• **About this exercise**
A faithful, word-for-word copy of the records is required, and it must contain no pictures.

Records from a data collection
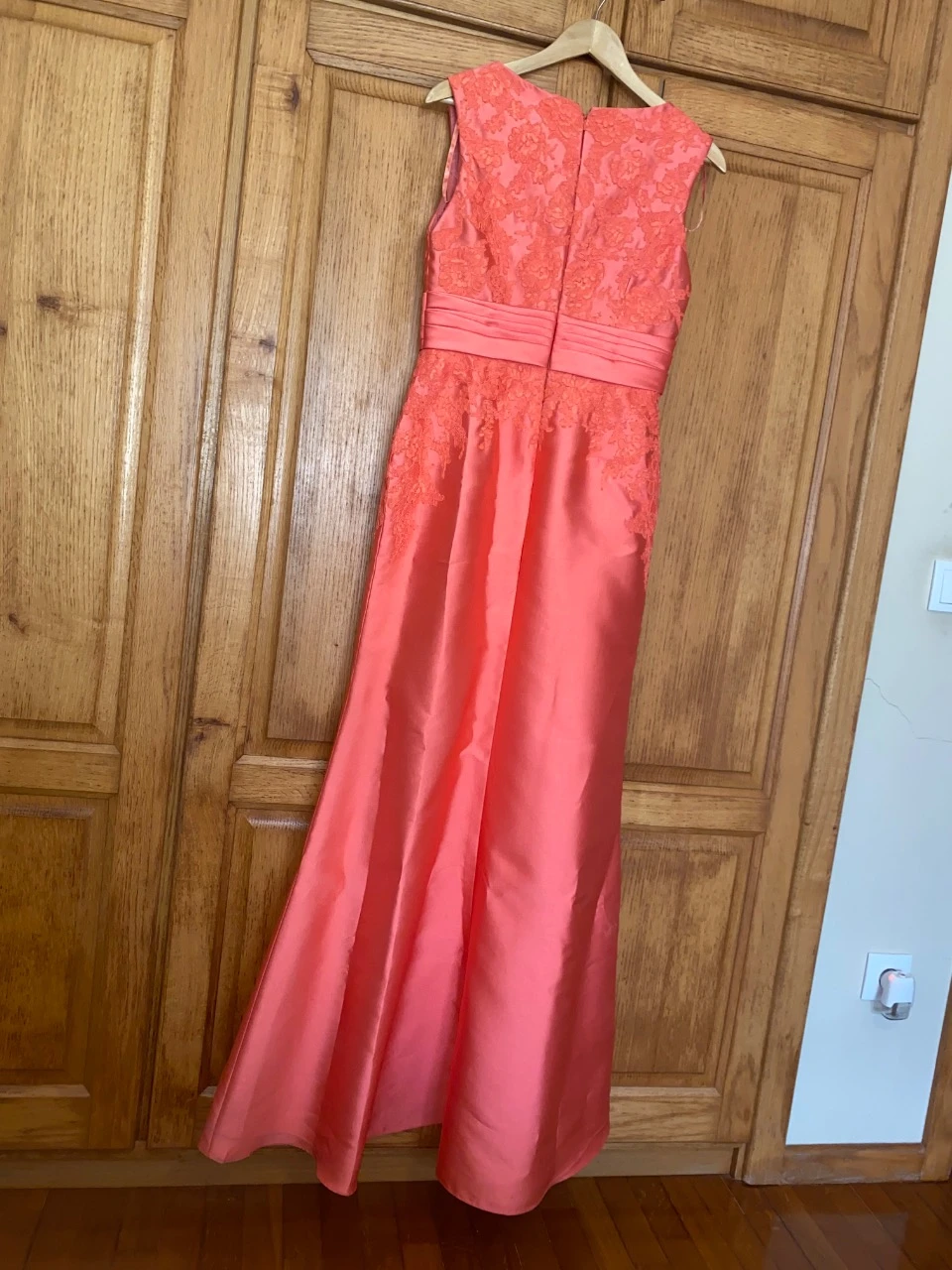 robe longue de cérémonie de mariage avec manteau couleur corail de la marque Pronovias – photo 11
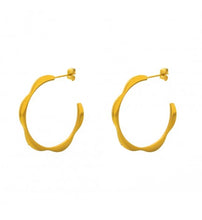 Cargar imagen en el visor de la galería, Pendientes aros onditas 25MM · acero dorado baño oro 24K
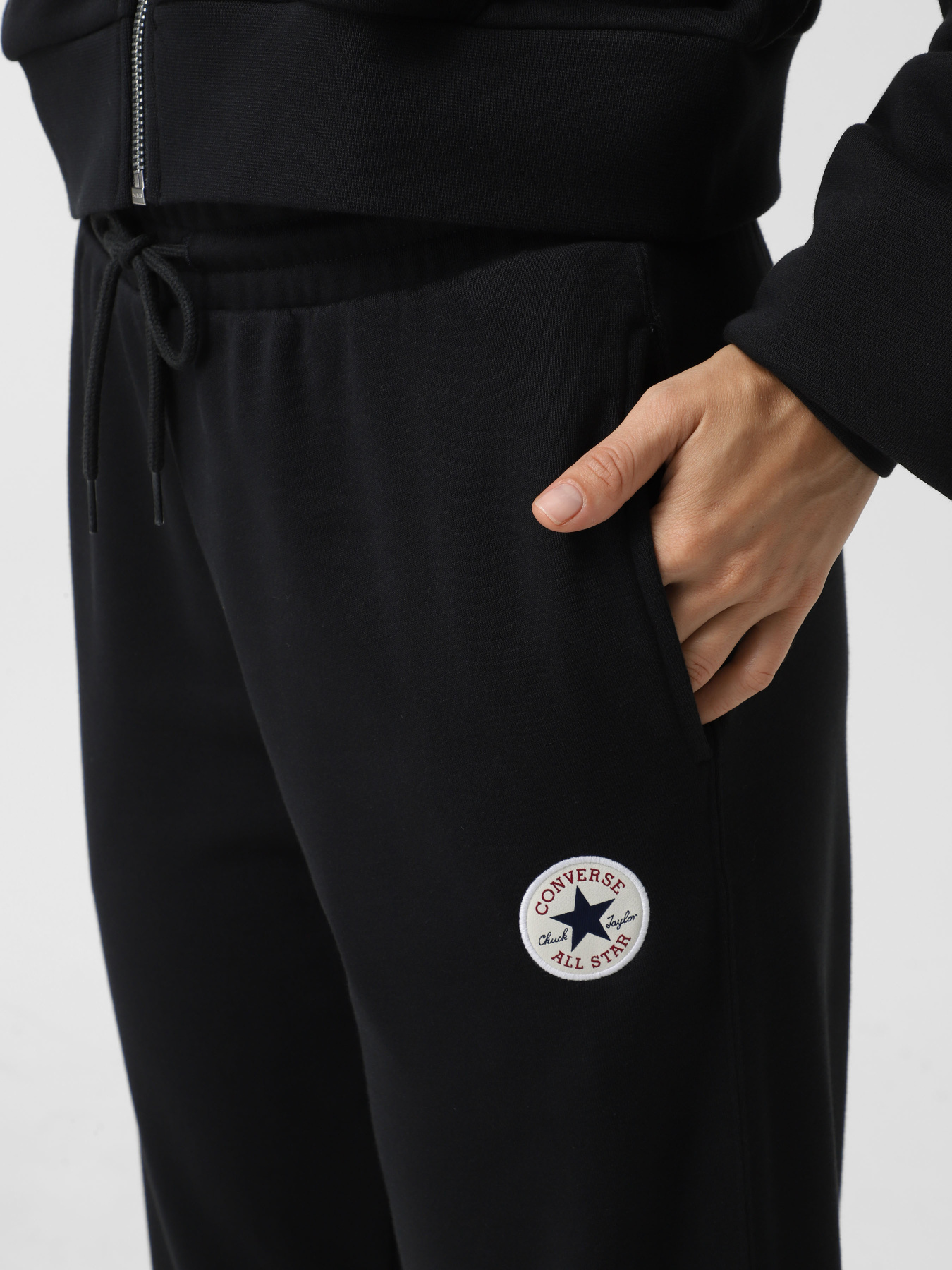 Спортивні штани CONVERSE CORE CHUCK PATCH модель 10026982-001 Спортивні штани CONVERSE CORE CHUCK PATCH модель 10026982-001 Фото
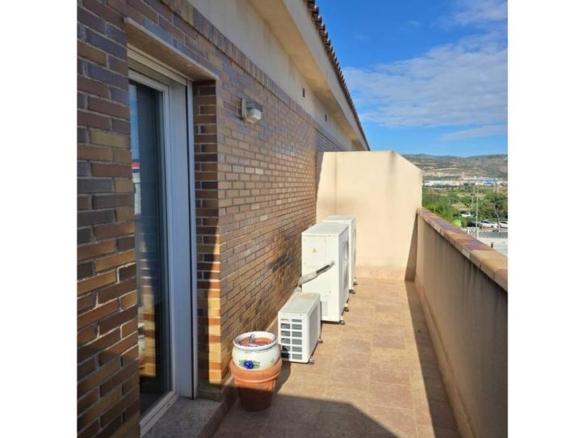 Townhouse for sale on Calle Pintor Vidal Serrulla, Pau Lledó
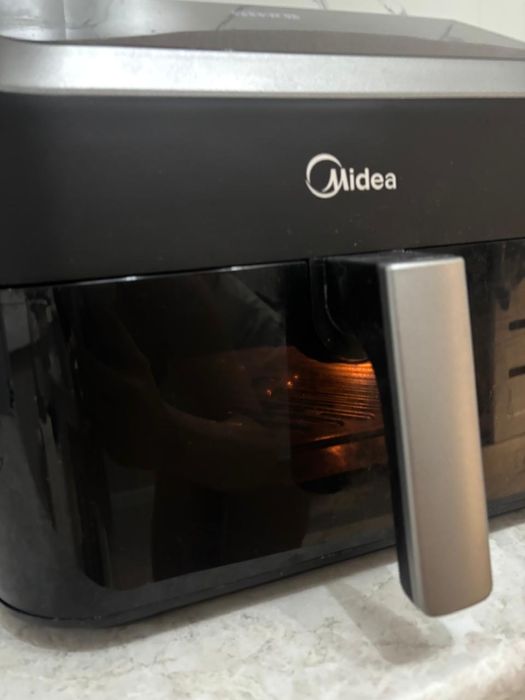 Аэрогриль Midea с 8 режимами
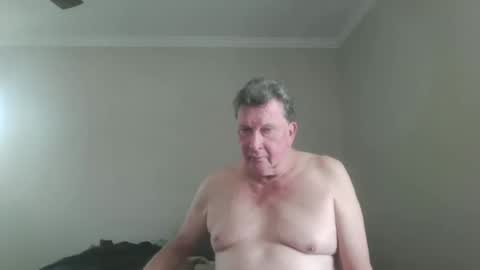 island625103 online show from 10.18.25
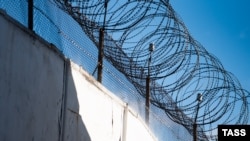 «Обстановка очень гнетущая: придирки, доносы – все это присутствует в большом обществе заключенных как правило», – сказала мать крымчанина 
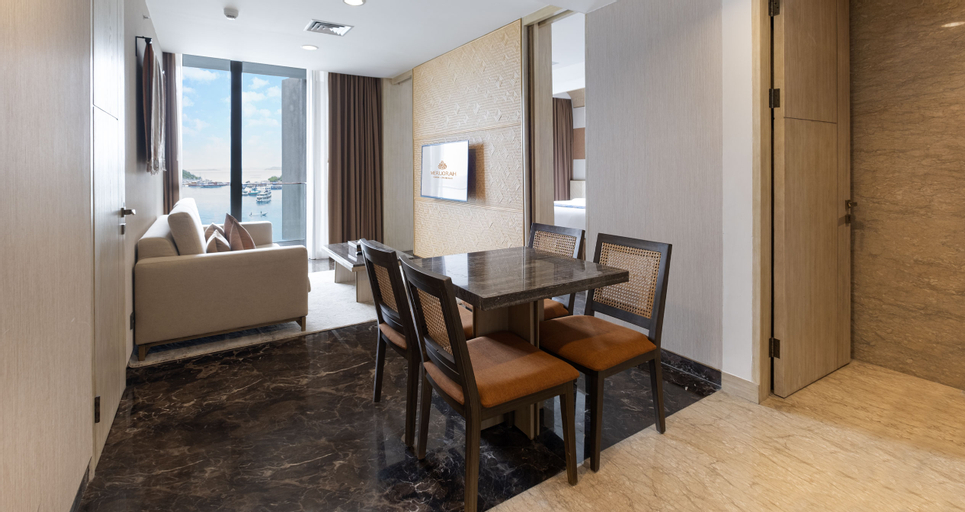 Dining Room 10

• **Result of this task**
 robe longue de cérémonie de mariage avec manteau couleur corail de la marque Pronovias – photo 11
 Cargar imagen en el visor de la galería, Pendientes aros onditas 25MM · acero dorado baño oro 24K
 Спортивні штани CONVERSE CORE CHUCK PATCH модель 10026982-001 Спортивні штани CONVERSE CORE CHUCK PATCH модель 10026982-001 Фото
 Townhouse for sale on Calle Pintor Vidal Serrulla, Pau Lledó
 Аэрогриль Midea с 8 режимами
 island625103 online show from 10.18.25
 «Обстановка очень гнетущая: придирки, доносы – все это присутствует в большом обществе заключенных как правило», – сказала мать крымчанина 
 Dining Room 10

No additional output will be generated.